As the 12-month mark approached, the weaning “suggestions” became stronger and stronger. Maybe it’s because I know what I used to think before I had my son, that I “heard” these suggestions so strongly. If a child is old enough to drink cow’s milk, he doesn’t need mama’s milk… If a child is old enough to ask for it, he’s too old for it… Your baby will sleep through the night if you stop nursing… Cow’s milk is more nutritious than breast milk… 

None of that is true, by the way, but it is the way our society thinks. My son was not sleeping through the night at 12-months-old, so it was tempting to try weaning just to get him to sleep. Again, I listened to my intuition and kept nursing him when he needed it. (He did start sleeping through the night, all on his own, around 15-months, by the way). He is now 19.5-months-old and still nursing when he needs to. Most of the time it is only before he sleeps (naps and night time) and in the morning. But, from time to time he asks to nurse during the day too. When he does, it is only for a few seconds, but I figure there is something causing him to feel uneasy and nursing just reassures him his mommy is there for him.

I still get comments from time to time about weaning him. But, as my dad said to me the other day, “I’d tell you that it may be time to cut him off from [breast milk], but I know you well enough to know that you are going to do as you damn well please.” Well said, Dad, well said.

I never, in a million years, would have thought that I would be nursing a toddler. In fact, I am pretty sure I would have thought it was gross or sick before. But, as with many things in life, we often shut out the ideas which we do not understand. And extended nursing, my friends, is something you will never be able to understand unless you have made it to that point.

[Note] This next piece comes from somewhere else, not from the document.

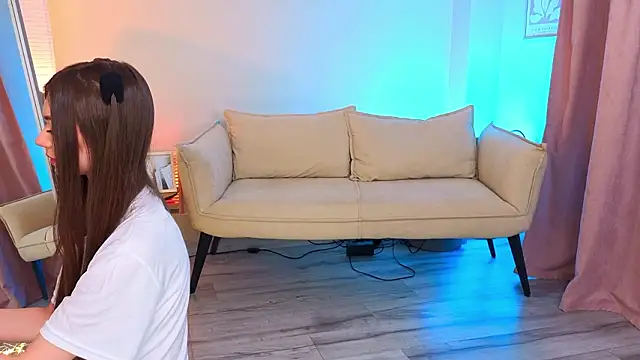 oliviaah_'s cam snapshot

So there I am… out of the closet. Don’t ask me when I am going to wean, because I don’t know. I suppose I will keep nursing him as long as he needs it, or until it becomes uncomfortable for me to continue.

As an ending note: My examples given as to the negative feedback I have heard about extended nursing (as seen above) are simply not true. If a child is old enough to ask for it, he is too old for it… Babies, from day one “ask” to be fed. Just because they become more proficient in communicating their needs does not mean those needs disappear. A child will sleep through the night if you stop breast feeding…  I can’t say for certain, because I didn’t try it, but I have heard from others who did, that weaning their child did not make them sleep through the night, it just eliminated an easy way to get them back to sleep. Cow’s milk is more nutritious than breast milk… not true… Cow’s milk is formulated for baby cows. Breast milk is formulated for baby humans. I trust God knows what he’s doing.